## STORED DATA
-------------------------

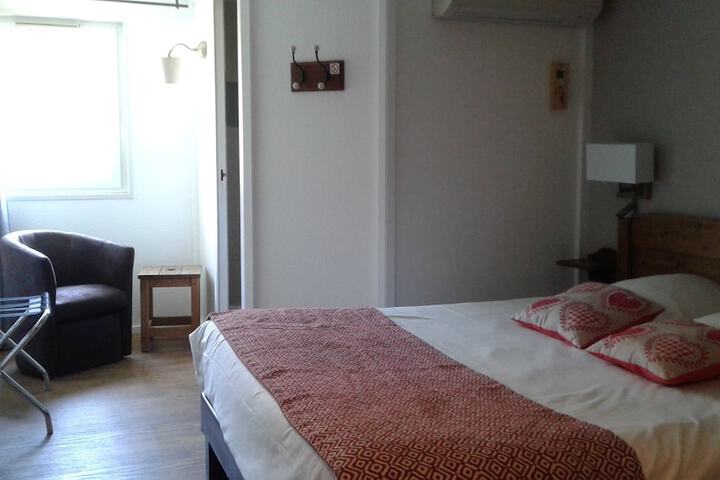 Room 20 of 49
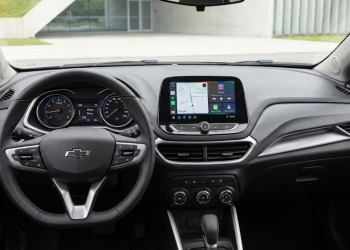 Sedã Chevrolet 2026 une economia de combustível e proposta acessível no mercado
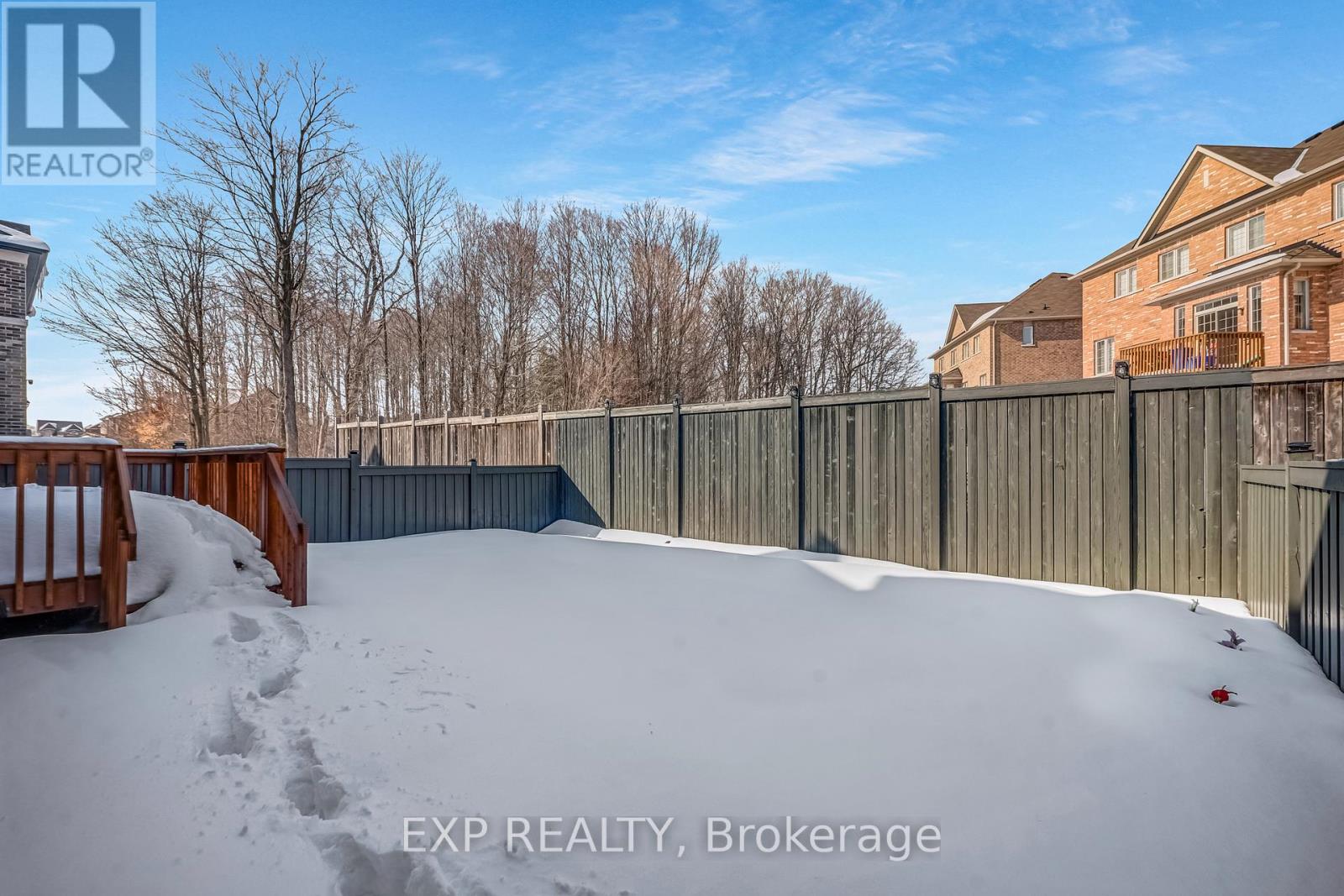 80 Sikura Circle, Aurora, Ontario  L4G 3Y9 - Photo 39 - N12832826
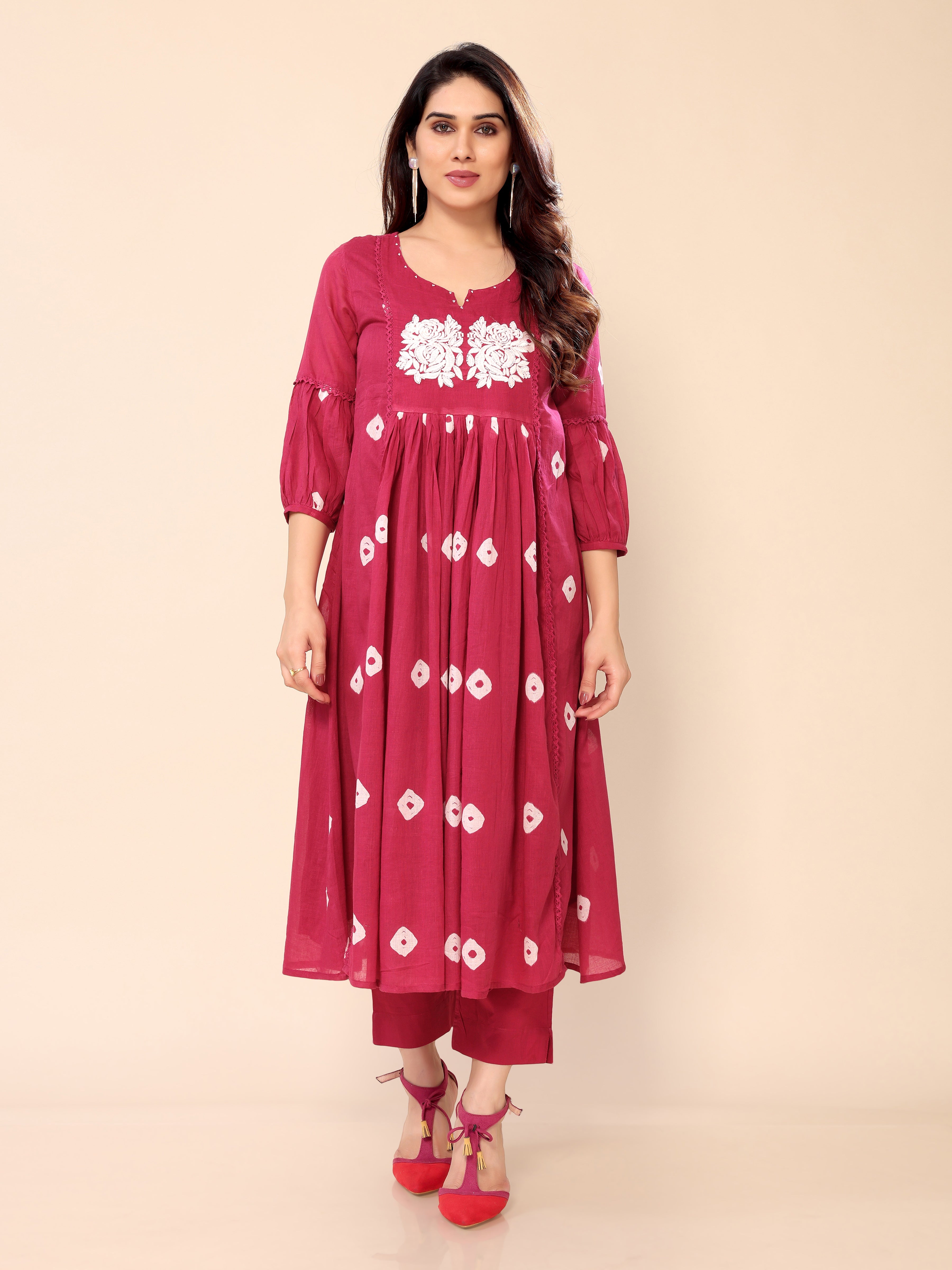 Red Mul Cotton Bandhani Print & Stitch Work Kurta with Pant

-------------------------

## PROBLEM DESCRIPTION
Exactly the lines from the line that contains "80 Sikura Circle, Aurora, Ontario" through the last line above, and no other lines, must be output, with pictures excluded.

## ANSWER TO THIS TASK
 80 Sikura Circle, Aurora, Ontario  L4G 3Y9 - Photo 39 - N12832826
 Red Mul Cotton Bandhani Print & Stitch Work Kurta with Pant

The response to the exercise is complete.